Having a strong understanding of number bonds (7 + 3, 6 + 4, 8 + 2, etc.) helps them ‘make a ten’ and recognize and name other mental math strategies. It has been incredible for me, to use and explain the concept of number bonds with Numicon shapes, as simple and as lego-like as they are. The program was originally designed as a remedial resource, but the school I work at has adopted it as a foundation for all students, and I strongly feel that it has improved students’ number sense and confidence with manipulating numbers by a large margin. Here’s a short video on YouTube if you’re unfamiliar with what these manipulatives look like. When dealing with larger numbers, we introduce Cuisinaire rods as manipulatives, and begin to move towards developing and relying on Mental math strategies like these:
We explicitly do not look at the traditional algorithm in maths, until students demonstrate strong understanding of partitioning numbers, and feeling comfortable manipulating large numbers the same way they do with their smaller number bonds. Then, we teach the ‘lining it up’ method, where students can deal with smaller sums as a shortcut. This only comes after they can explain the place value of all of the numbers in the equation, and can explain step by step what they are actually adding. With a strong emphasis on “you solve it however it is easiest for you to see the numbers”, the only thing we ask students to do is to show their thinking. Whether that’s with a number line, compensation, partitioning, or otherwise. Funnily enough, even after using the traditional algorithm, many students in my class in particular still opt to add numbers in a lengthy way, because they feel it’s more visual and understandable. For example:
359 + 492 = 300 + 50 + 9 + 400 + 90 + 2, and
300 + 400 = 700, 50 + 90 = 140, 9 + 2 = 11, and 700 + 140 + 11 = 851
or more recently with respect to multiplication:
202 x 4 = 202 + 202 + 202 + 202
200 + 200 + 200 + 200 = 800, and 2 + 2 + 2 + 2 = 8, and 800 + 8 = 808
Word problems are a part of the teaching all the way through, and identifying the language that commands a certain function (“find the difference, how many altogether”) is recorded and referred back to regularly.

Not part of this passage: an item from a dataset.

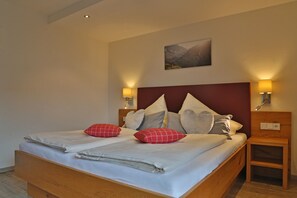 2 bedrooms, desk, travel cot, free WiFi - Appartement mit Bergblick (Bichlbach)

Admittedly, I was afraid of teaching math for a long time because it was something I lacked confidence and fluency in. Thinking about PCK for math scared me as a fresh graduate of teacher’s college, because my foundations for content knowledge were shaky at best. And as Mishra and Koelher point out, “…having knowledge of subject matter and general pedagogical strategies, though necessary, was not sufficient for capturing the knowledge of good teachers” (Mishra & Koelher 2006), which made it even more intimidating. Tools like Numicon and and the GloSS assessment for mental maths have been incredible for laying out processes in problem solving and mental math strategies. I strongly believe that these resources, in addition to seeking out help and advice from those much stronger than me, has allowed me to get a little closer to what Mishra and Koelher describe as “find[ing] different ways to represent it and make it accessible to learners” (Mishra & Koelher 2006). Though I clearly still have a long way to go, I’m confident in explaining different ways of thinking about numbers (at the elementary level, mind you!), and this allows me the perspective of being critical of technology integrated in my pedagogical practices, unless it is truly beneficial for the learning and allows students to further explain their thinking or explore concepts that they could not see otherwise.
Reference:
Mishra, P., & Koehler, M. (2006). Technological pedagogical content knowledge: A framework for teacher knowledge. The Teachers College Record, 108(6), 1017-1054.